Tamara Gordon-Roberts attended Rhodes University where she completed an undergraduate degree in Drama and Psychology, graduating in 2004. In 2005 she completed her Honours, specialising in Drama in Education; Dance Culture and Education; Contemporary Performance; Theatre Studies and Physical Theatre. Whilst specialising in Drama in Education, under the supervision of Alexandra Sutherland, Tamara facilitated Process Drama workshops within a variety of Grahamstown’s private, government and township schools, at the Provost Prison and at the Kuyasa Shelter. These workshops combine dramatic and creative techniques within the curriculum to encourage participants to approach the learning experience from new and exciting perspectives.
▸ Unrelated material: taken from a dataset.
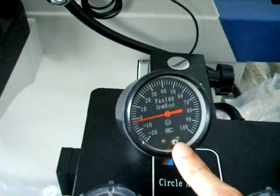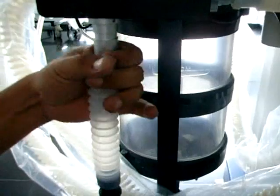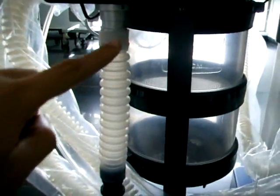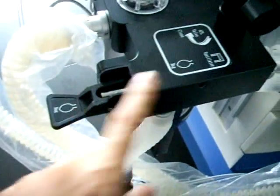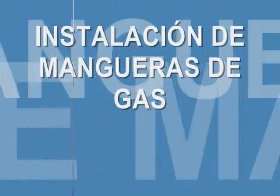Ajustamos la perilla del manómetro por medio de un destornillador con el tornillo inferior y garantizamos que este se encuentre en cero. Para la instalación de ventilación mecánica podemos hacer uso del extensor, como se observa en el video. Garantizamos que este quede completamente conectado a la parte inferior del canister, y el otro extremo pueda ser usado por medio de un pulmón de prueba, el cual será el camino por el cual el profesional pueda hacer ventilación mecánica. Recordemos hacer el cambio para que la máquina quede trabajando en ventilación mecánica.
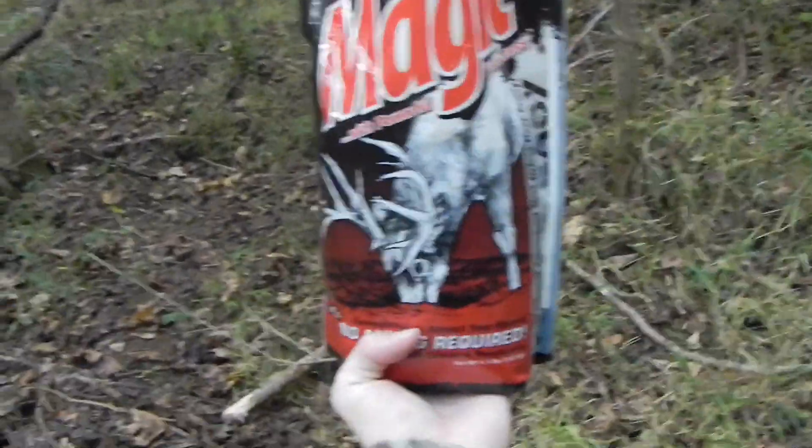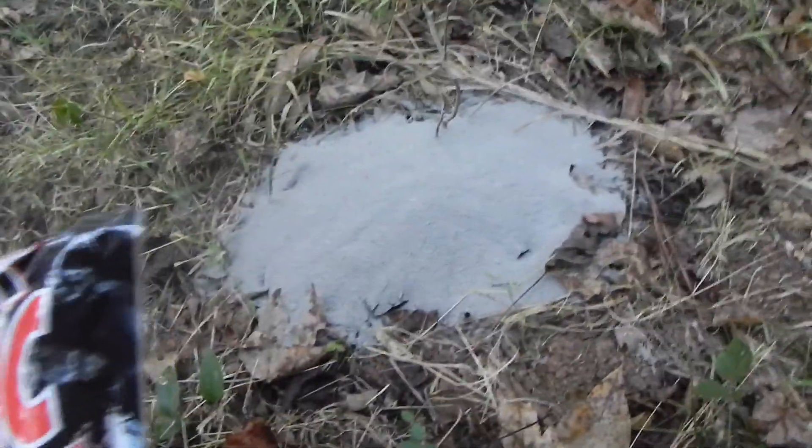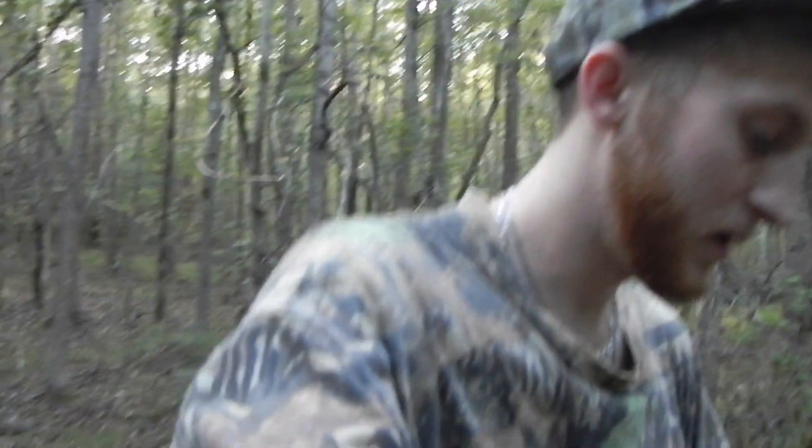We just put a bunch of corn out not too long ago and it's all gone. So right here we have the deer cane black magic — it smells super sweet — and we're just gonna take it and make a pile right here. This one is the black magic and as you can see it's like a darker charcoal color. It looks pretty white on this camera, but it's a darker color, so we'll have it set up right here.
On leaving Rhodes University, Tamara assumed a junior teaching position in the Drama Department at St Stithians Boys’ College in Johannesburg (January 2006 to December 2007). In this position she was responsible for teaching drama theory and practical for Grades 8 to 10, and formulating and facilitating physical theatre and movement courses for Grades 8 to 12. In addition to this Tamara structured and developed the Twananani Community Project at St Stithians Boys’ College. In her role as project co-ordinator she structured a weekly programme to encourage students from the Boys’ College to cross cultural and language barriers and connect with children from Twananani Pre-School through art and drama.
In 2006, Tamara assumed a part-time position in the Dramatic Arts Division at the Wits School of Arts, where she lectured Process Drama, working to develop a network of schools for practical placements, facilitating these placements, and guiding the development of the students’ process drama practice. In 2008 Tamara’s lecturing extended into the Drama for Life programme and she co-ordinated Africa’s first Applied Drama and Theatre Conference.
Later in 2008, Tamara began her Master's degree in Drama and Movement Therapy (Sesame) at the Central School of Speech and Drama, University of London. Having completed her Master's degree, Tamara has rejoined the Dramatic Arts Division and the Drama for Life programme.
Prof Marié-Heleen Coetzee is head of the drama department of the University of Pretoria. She lectures in somatics, movement pedagogy and applied drama/theatre. Her current research centres on drama/theatre-based pedagogies and performance praxis. She has presented at papers and workshops at national and international conferences, contributed scholarly publications and directed/choreographed productions on various platforms.